In addition to requiring minimal additional nitrogen inputs, studies have shown that pulses can boost yields for other crops when used in a crop rotation. In Montana, one of the United States’ leading producers of both wheat and pulses, wheat farmers have seen their yields increase when, instead of allowing their fields to lie fallow after a wheat crop, those fields are planted with pulses.
“Typically we would have to leave land fallow for one to two years; now [farmers] can take and put a pulse crop in there with the nitrogen fixing qualities that improves the soil, and your inputs are less,” Jayson O’Neill, a public information specialist with the Montana Department of Agriculture, told ThinkProgress, adding that pulse crops also give farmers another marketable source of income at the end of the growing season. “It’s such a win-win.”
A five-year study on crop rotations conducted in Saskatchewan, Canada, also found that durum wheat grown in a crop rotation system with pulses had a carbon footprint 34 percent lower than durum grown in a crop rotation system with other cereal grains. While nitrogen fixing through pulses can’t ever fully replace synthetic fertilizer — at least not without suffering some decreases in crop yields — it can work as a larger system that can help reduce the amount of synthetic fertilizer applied to cropland.

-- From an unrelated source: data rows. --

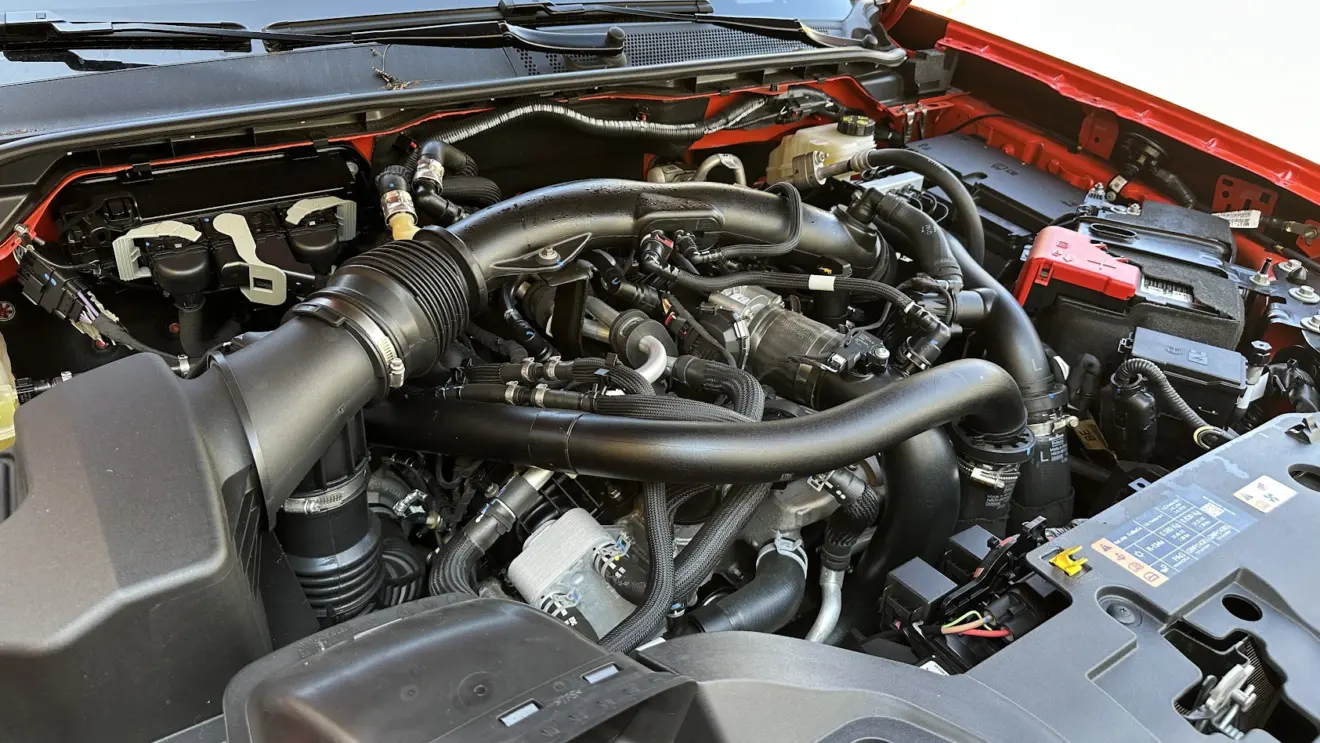 Motor V6 3.0 biturbo da Ford Ranger Raptor
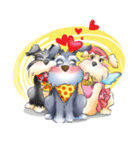 Schnauzer party（個別スタンプ：21）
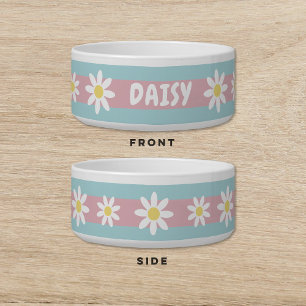Tigela Pet De Gato De Cachorro Daisy Flowers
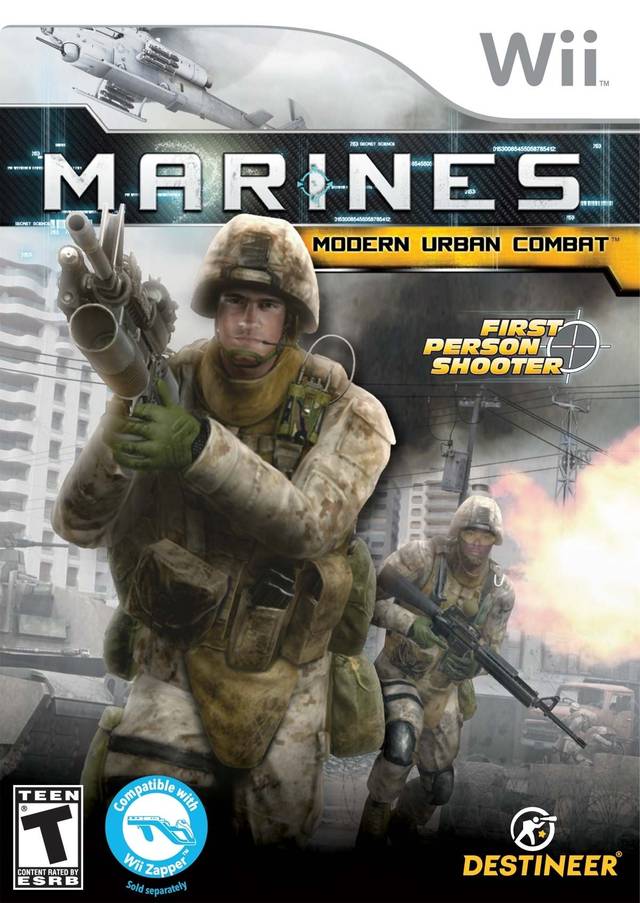 Marines- Modern Urban Combat (USA) Nintendo Wii GAME ROM ISO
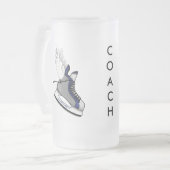 HOCKEY-ZUG-TASSE MATTGLAS BIERGLAS (Vorderseite Links)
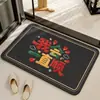 Alfombrilla de suelo de tierra de diatomeas, simple y lisa, felpudo para entrada que elimina el polvo, absorbente para baño, antideslizante, resistente a la suciedad, fácil de mantener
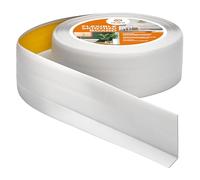 Quest Battiscopa Morbido Adesivo - 50 mm x 20 mm - Listello in PVC, Finitura Flessibile, Profilo Angolare per Cucina, Bagno, Parete, Pavimento - Decorativo (Grigio cenere, 20m)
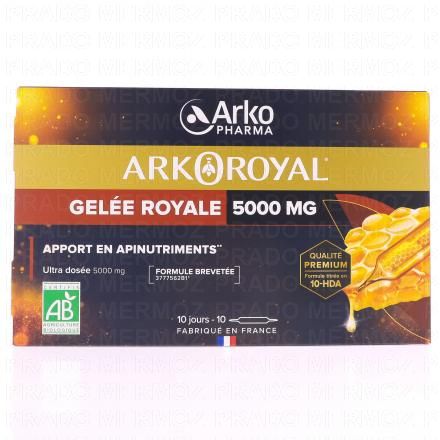ARKOPHARMA Gelée Royale 5000mg 10 ampoules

As the world looks to keep climate change to below 2 degrees Celsius of warming, especially following December’s climate agreement in Paris, a growing number of studies suggest that global demand for meat will have to decrease. According to a report released during the Paris talks by the Johns Hopkins Center for a Livable Future, if global trends in meat and dairy consumption continue unabated, the world will be on track for warming well above 2 degrees Celsius, even with “dramatic emissions reductions across non-agricultural sectors.”